🤖 AI Summary
Existing single-image 3D scene reconstruction methods struggle to produce editable, physically consistent textured meshes—suffering from erroneous object decomposition, inaccurate spatial relationships, and missing backgrounds—thus failing industrial requirements in film and game production. This paper introduces the first end-to-end framework for editable 3D asset generation: it enforces geometric plausibility via a novel 4-DoF differentiable ground-plane constraint; models occlusion recovery as a generative image editing task; and achieves, for the first time, background-driven spatially consistent reconstruction, yielding illumination-coherent, simulation-ready, fully textured meshes. The method synergistically integrates state-of-the-art modules—including object detection, monocular depth estimation, NeRF/3D Gaussian Splatting reconstruction, diffusion-based generation, and differentiable geometric optimization—across complementary domains. It establishes new state-of-the-art performance on single-image 3D scene reconstruction, producing structurally sound, texture-accurate, physically plausible, and post-editable 3D scenes compatible with standard pipelines.
📝 Abstract
Recent advances in 3D scene generation produce visually appealing output, but current representations hinder artists' workflows that require modifiable 3D textured mesh scenes for visual effects and game development. Despite significant advances, current textured mesh scene reconstruction methods are far from artist ready, suffering from incorrect object decomposition, inaccurate spatial relationships, and missing backgrounds. We present 3D-RE-GEN, a compositional framework that reconstructs a single image into textured 3D objects and a background. We show that combining state of the art models from specific domains achieves state of the art scene reconstruction performance, addressing artists' requirements.

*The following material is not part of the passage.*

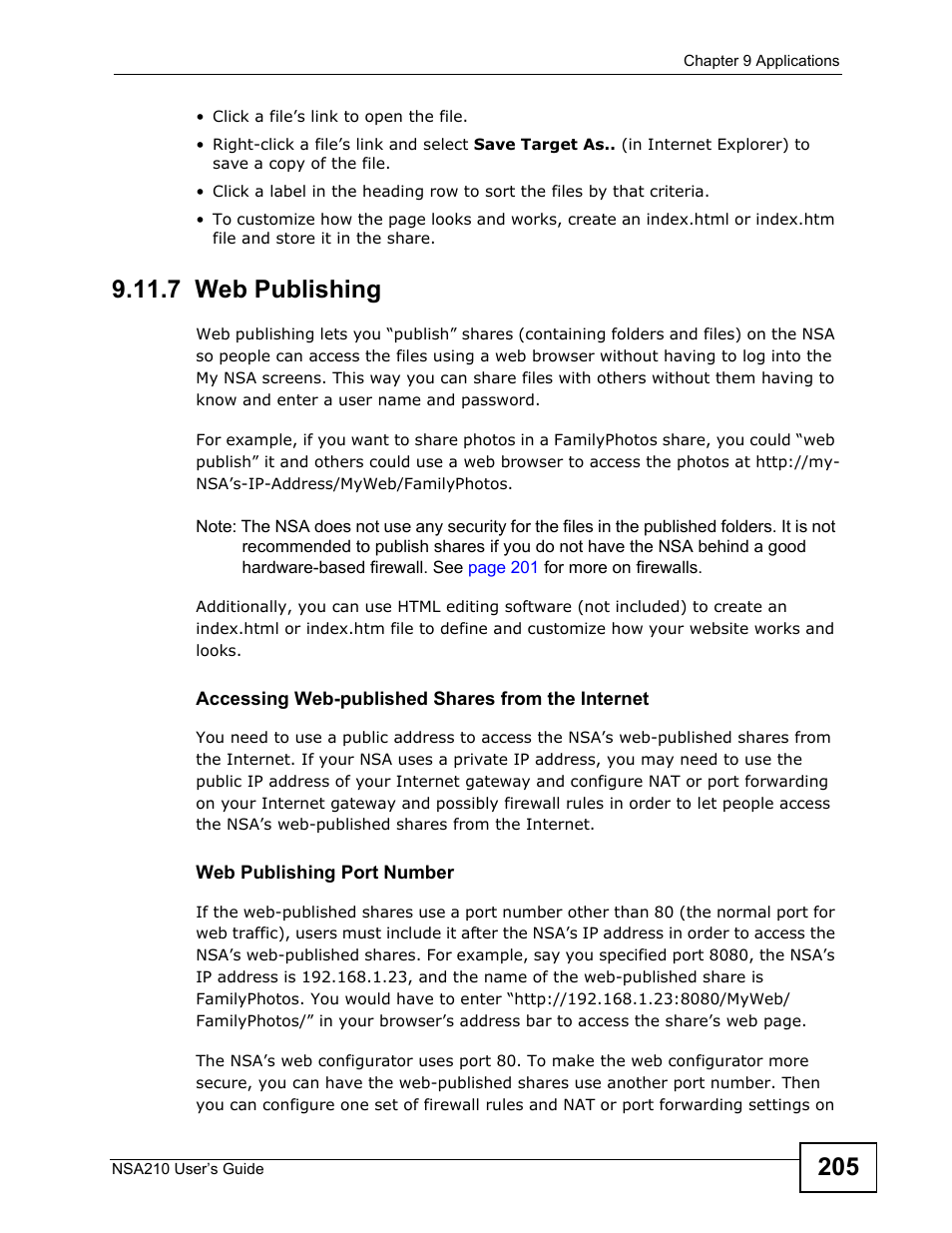 7 web publishing | ZyXEL Communications NSA210 User Manual | Page 205 / 482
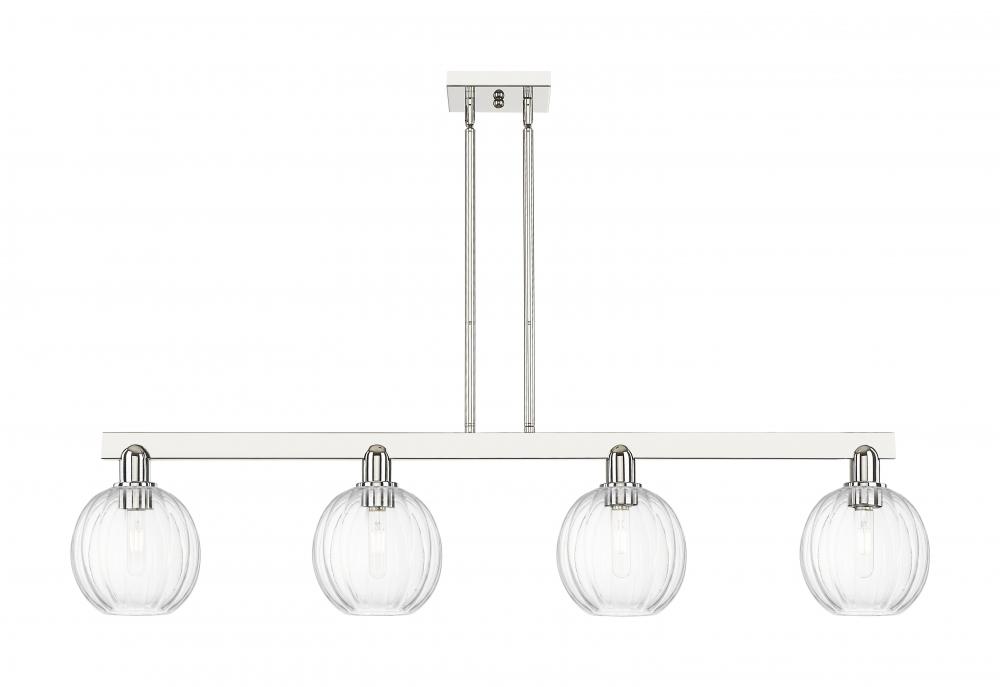 Preston Globe - 4 Light - 48 inch - Polished Nickel - Stem hung - Island Light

Our reconstruction pipeline integrates models for asset detection, reconstruction, and placement, pushing certain models beyond their originally intended domains. Obtaining occluded objects is treated as an image editing task with generative models to infer and reconstruct with scene level reasoning under consistent lighting and geometry. Unlike current methods, 3D-RE-GEN generates a comprehensive background that spatially constrains objects during optimization and provides a foundation for realistic lighting and simulation tasks in visual effects and games. To obtain physically realistic layouts, we employ a novel 4-DoF differentiable optimization that aligns reconstructed objects with the estimated ground plane. 3D-RE-GEN~achieves state of the art performance in single image 3D scene reconstruction, producing coherent, modifiable scenes through compositional generation guided by precise camera recovery and spatial optimization.